(Stored records)
━━━━━━━━━━━━━━━━

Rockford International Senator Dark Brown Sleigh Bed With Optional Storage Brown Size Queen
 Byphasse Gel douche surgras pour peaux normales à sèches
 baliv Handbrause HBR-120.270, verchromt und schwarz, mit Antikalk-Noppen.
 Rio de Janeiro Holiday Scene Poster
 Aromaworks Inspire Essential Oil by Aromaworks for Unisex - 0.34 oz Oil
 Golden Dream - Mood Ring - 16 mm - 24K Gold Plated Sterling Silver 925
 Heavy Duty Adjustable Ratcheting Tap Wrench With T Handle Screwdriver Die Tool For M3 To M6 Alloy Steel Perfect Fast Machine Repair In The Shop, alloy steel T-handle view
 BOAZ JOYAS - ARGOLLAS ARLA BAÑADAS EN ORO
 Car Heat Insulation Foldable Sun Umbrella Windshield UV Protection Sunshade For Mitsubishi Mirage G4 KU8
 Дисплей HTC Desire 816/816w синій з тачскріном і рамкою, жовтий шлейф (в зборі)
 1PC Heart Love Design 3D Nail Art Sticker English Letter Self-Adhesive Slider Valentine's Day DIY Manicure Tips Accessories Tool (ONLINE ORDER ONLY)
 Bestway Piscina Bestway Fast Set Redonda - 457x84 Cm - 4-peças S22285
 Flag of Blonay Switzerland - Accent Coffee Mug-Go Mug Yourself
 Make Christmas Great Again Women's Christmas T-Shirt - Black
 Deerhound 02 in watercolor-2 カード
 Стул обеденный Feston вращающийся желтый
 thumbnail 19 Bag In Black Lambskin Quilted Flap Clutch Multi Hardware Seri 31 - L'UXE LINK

━━━━━━━━━━━━━━━━

▸ Task to complete
None of the records may be skipped; each is to be repeated exactly.

▸ Solution for this exercise
Rockford International Senator Dark Brown Sleigh Bed With Optional Storage Brown Size Queen
 Byphasse Gel douche surgras pour peaux normales à sèches
 baliv Handbrause HBR-120.270, verchromt und schwarz, mit Antikalk-Noppen.
 Rio de Janeiro Holiday Scene Poster
 Aromaworks Inspire Essential Oil by Aromaworks for Unisex - 0.34 oz Oil
 Golden Dream - Mood Ring - 16 mm - 24K Gold Plated Sterling Silver 925
 Heavy Duty Adjustable Ratcheting Tap Wrench With T Handle Screwdriver Die Tool For M3 To M6 Alloy Steel Perfect Fast Machine Repair In The Shop, alloy steel T-handle view
 BOAZ JOYAS - ARGOLLAS ARLA BAÑADAS EN ORO
 Car Heat Insulation Foldable Sun Umbrella Windshield UV Protection Sunshade For Mitsubishi Mirage G4 KU8
 Дисплей HTC Desire 816/816w синій з тачскріном і рамкою, жовтий шлейф (в зборі)
 1PC Heart Love Design 3D Nail Art Sticker English Letter Self-Adhesive Slider Valentine's Day DIY Manicure Tips Accessories Tool (ONLINE ORDER ONLY)
 Bestway Piscina Bestway Fast Set Redonda - 457x84 Cm - 4-peças S22285
 Flag of Blonay Switzerland - Accent Coffee Mug-Go Mug Yourself
 Make Christmas Great Again Women's Christmas T-Shirt - Black
 Deerhound 02 in watercolor-2 カード
 Стул обеденный Feston вращающийся желтый
 thumbnail 19 Bag In Black Lambskin Quilted Flap Clutch Multi Hardware Seri 31 - L'UXE LINK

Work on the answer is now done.